You can see that in an example of pollution in China, for instance. If you have a training set which is really not like the incoming data, normally, you need to be able to detect this and check whether it's going to hurt the model performance and whether you need to retrain or to understand where the data issue comes from. That's the problem that we've been studying. The first technique I want to talk to you about is a really fun one, because it's really using ML models to rescue other ML models.
Imagine you have two distributions of data, which you believe could be different, could be told apart. What you want to do if you think it can be told apart is say, "Okay. If they can be told apart, I can try to learn the classifier, who's going to tell which is which. Which is the new data, which is the old data. And if I can do that, if I can get away with that, with a good accuracy for that classifier, it means that the data are indeed different." This is a really cool technique. It's technically called the domain classifier, which is self-explanatory. And it helps us understand when an available target prediction will change. This is just one example of a technique we can use and we've been using.
I want to give you also a quick understanding of what we've been doing on the research side, beyond this part. With Simona Maggio, who's our research scientist expert on the topic, we've had the chance to publish that paper at ECML PKDD. And we've been looking at doing extensive benchmarks of various drift detector techniques and collection of datasets, which are especially important in industry, which are mostly tabular data. We've done that by simulating a lot of drifts and we've also, as you can see in the image below, leverage critical diagrams, which is a statistical tool to help tell apart if your technique is actually better or if you're just lucky. I encourage you to have a look at the paper and actually let us know if you have any questions or any interest in following up with that. But it's been one thing we've been actively pushing lately on the topic.

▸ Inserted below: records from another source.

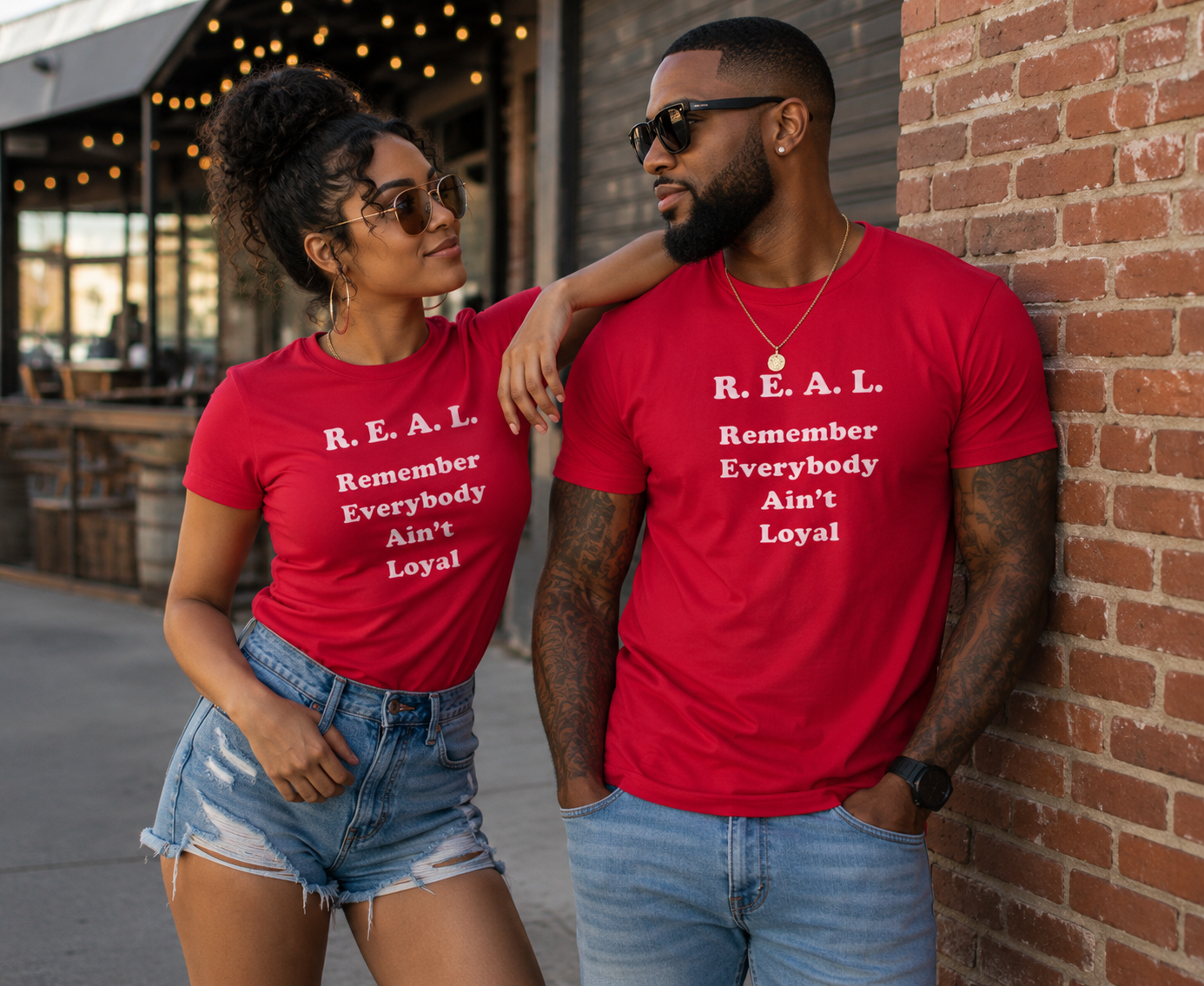 R.E.A.L. - Remember Everybody Ain't Real Regular & Fitted T-Shirt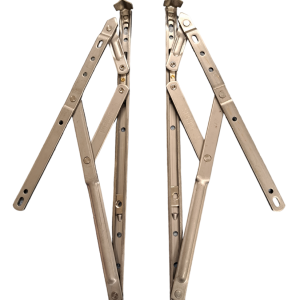 Slimline Window Hinges / Friction Stays 15mm Base Width / 17mm Stack Height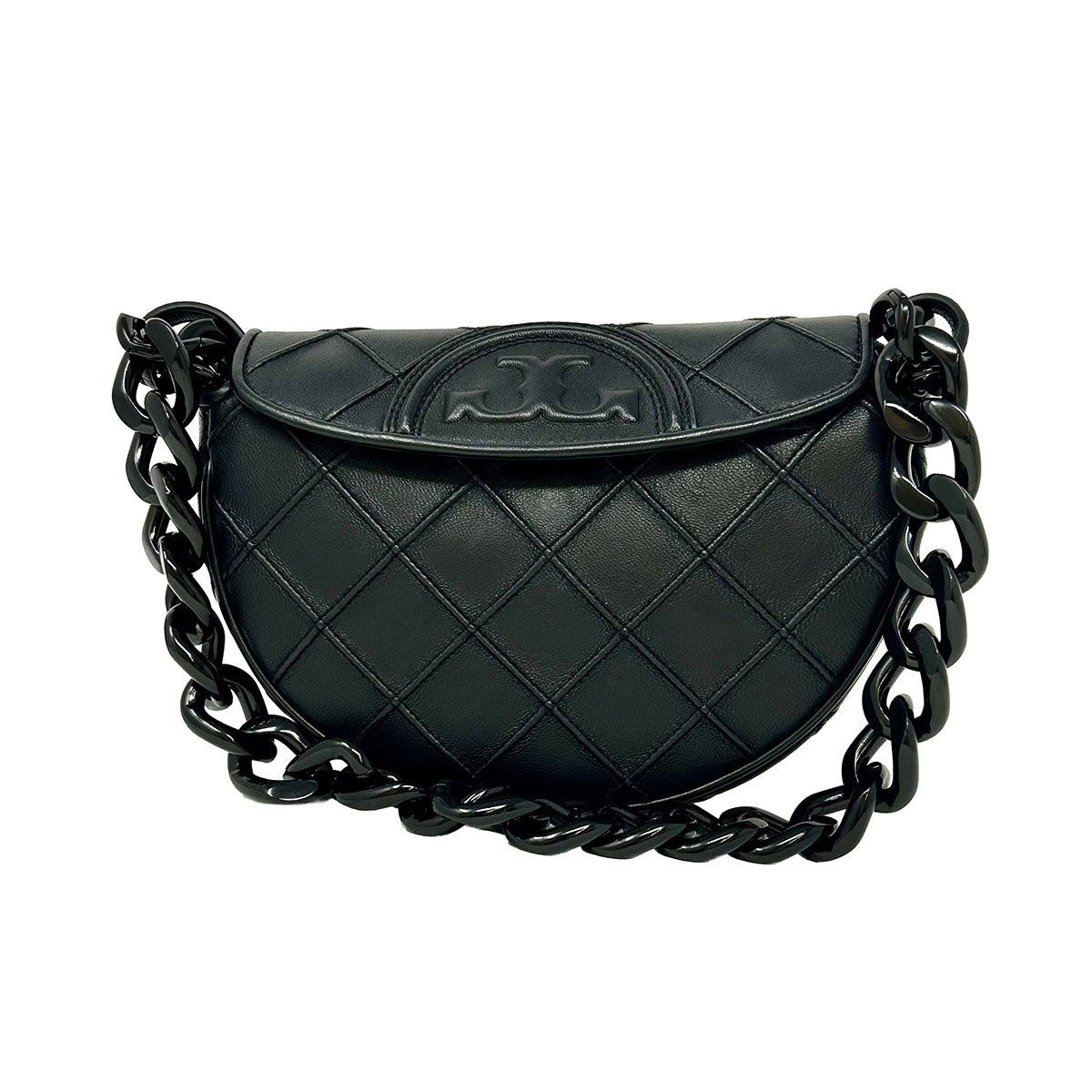 Tory Burch Leather Shoulder Bag for Women - Stylish Crossbody Purse with Adjustable Strap, Perfect for Work, Travel & Everyday Use
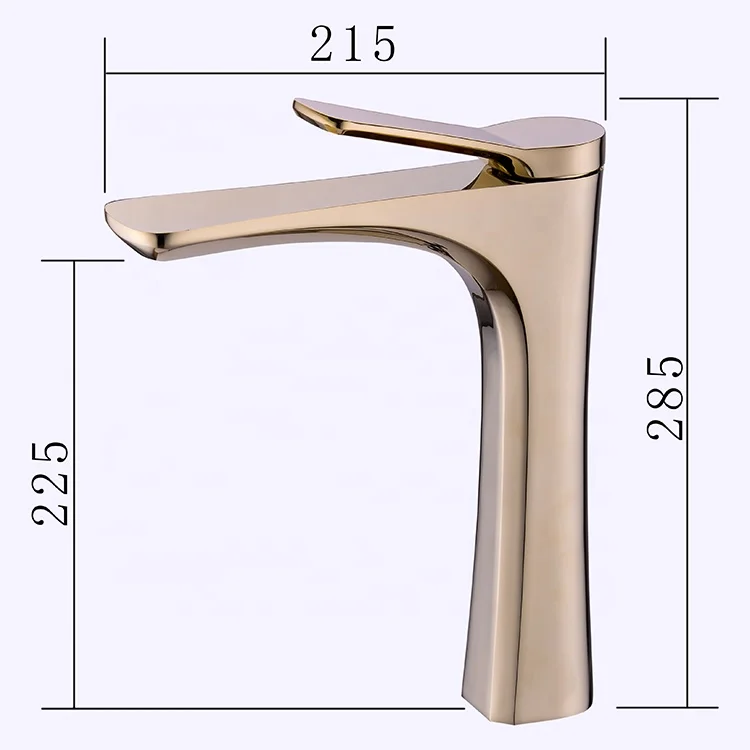 Kaiping Factory Wholesale Single Hole Basin Faucet Brass Gold Faucet High Quality Custom Bathroom Sink Mixer Faucets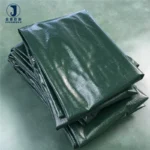 Secure Green PVC Coated Blackout Tarpaulin Truck Tent Cover Anti-Aging Waterproof Folding Design Breathable Woven Technics
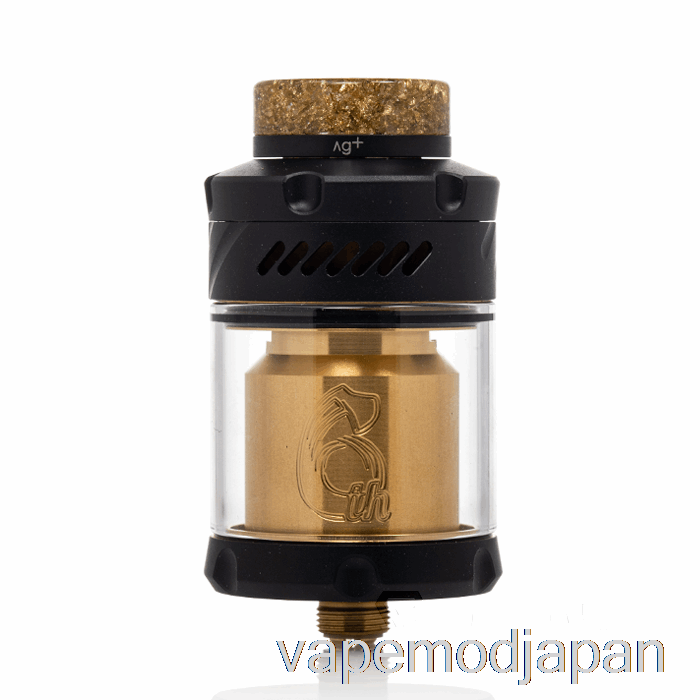 VAPE MOD Hellvape Dead Rabbit V3 25mm RTA [6th Anni] ブラックゴールド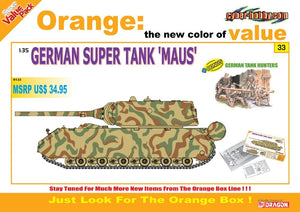 Cyber ​​Hobby 9133 Super char allemand « Maus » / Chasseurs de chars allemands - Coffret de figurines à l&amp;#39;échelle 1/35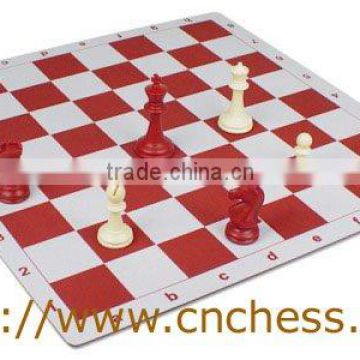 red chess board
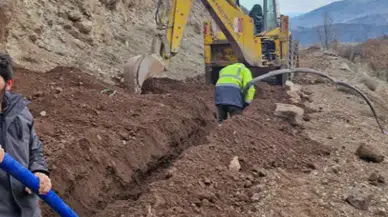 Suşehri Kaymakamlığı’ndan İçme Suyu Hattı Çalışması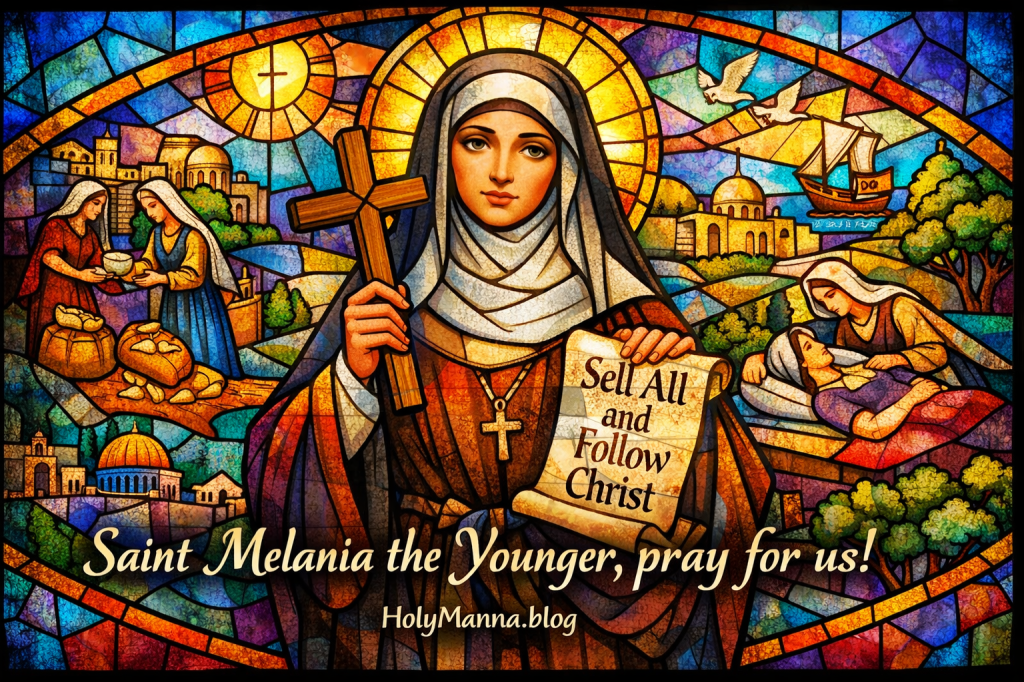 December 31st – Saint of the Day: Saint Melania the Younger
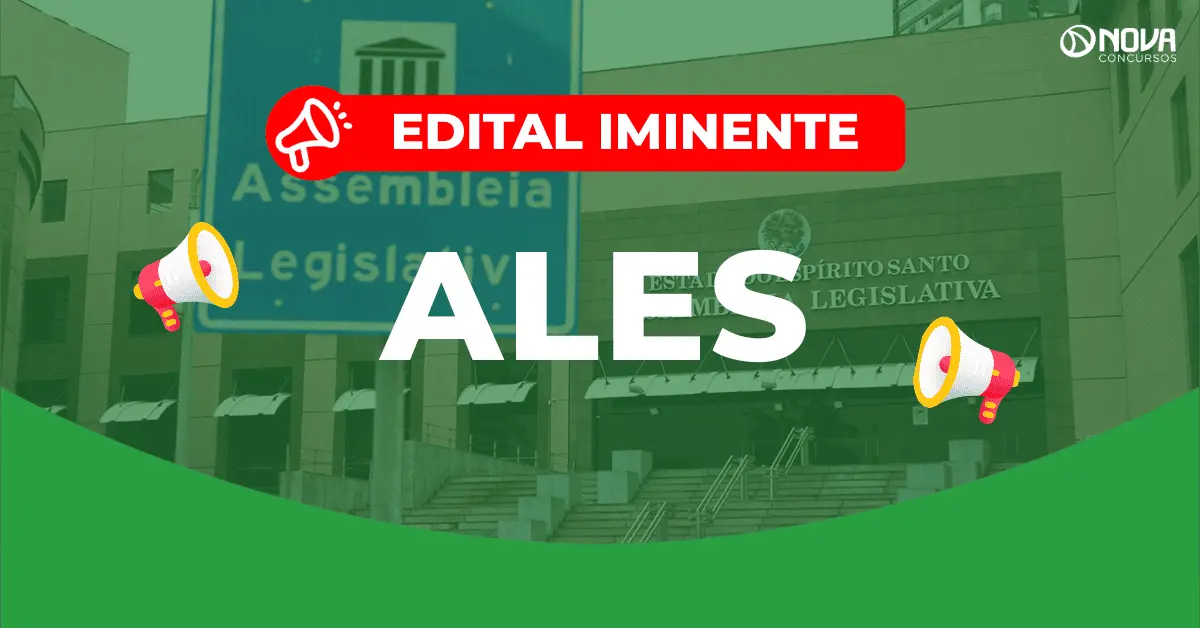 Concurso Ales terá edital na segunda, 29/09! 35 vagas!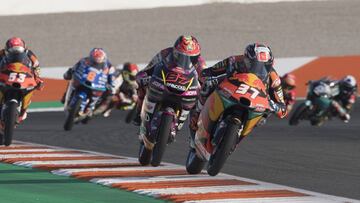 Triplete en Moto3 con Artigas, García y Masiá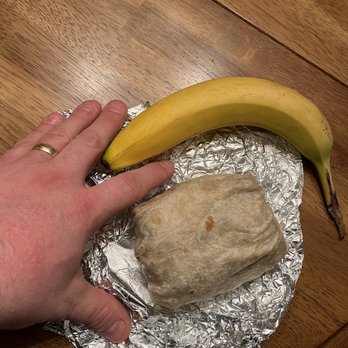Chipotle Mexican Grill - This was supposed to be a regular size burrito?! Banana for scale. - Mexican Near Me - Lewisburg, Pennsylvania Chipotle Mexican Grill - This was supposed to be a regular size burrito?! Banana for scale. - Mexican Near Me - Lewisburg, Pennsylvania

As I said in the beginning, it's not enough to get the data, to train the model, to deploy it, and then to monitor. Once you understand that the data has drifted, you need to do something, obviously. You need to get to the bottom of it. And this is where the investigation starts. This is where you can leverage tools such as interpretability tools, so that you can really understand what's going on. If you had data coming from a sensor, has the sensor become miscalibrated with a change in the data, which you care about, or which you don't think will impact that much what you are doing in your model. So this is also something we've been interested in. How can we get better at not only conveying the message that data has changed, but at identifying how harmful it is for you and your data, and also get as quickly as possible to the source, the root cause of that change?
This is what we've been doing in the research team, but also I'm very interested, and I think this is where, Reda, you have a project that you can tell us about, as I think you have an example which I found super interesting — understanding when the data changes. I'm not going to spoil it more. I'm going to give it to you, Reda, so you can tell us more about this.
Anomaly Detection in Practice: Factory Line Inspection
Thank you, Léo. Exactly. We've actually leveraged pretty much the same philosophy, I would say, the same concept that you've just described, which is leveraging, there are changes and there is drift for this specific family of projects that we've investigated, that we've supervised, and some of which we've implemented during the last year. This data drift subject is very interesting because obviously, we see it every day. All of the projects that go through production need that sort of supervision. You put your model into production, you want to be sure that the evaluation, that the performance metrics are still significant, are still under control, are not degrading, for example. One of the sources of degradation is data changing, obviously. And here, what's interesting is that we use that same concept of data changing, and moving, and drifting to do a completely different thing, which is to detect anomalies.
I'm choosing this specific use case or family, again, that we ran in the last year, which is around detecting anomalies on a factory line inspection. Let me just set the scene a little bit and let's imagine in a factory, a production line producing, manufacturing items, and let's suppose we want to detect anomalies on the items. It could be either detecting anomalies on the items, or it could also be detecting anomalies on the machine manufacturing the items. Either way you need some sort of collection device. It could be a simple camera capturing, let's say for example, images at specific periods of time, or maybe a video feed.
Generally, you will have this camera connecting to your data layer storage, so you store those images in the data layered storage, but also you'll have this deployed model, which runs anomaly detection, preferably in real time, because you want to be able to detect if a product is degraded, so you want to remove it from the production line, or if a machine is anomalous, you want to stop as soon as possible your production line, so you don't waste as many items, which were not going to be sold afterwards.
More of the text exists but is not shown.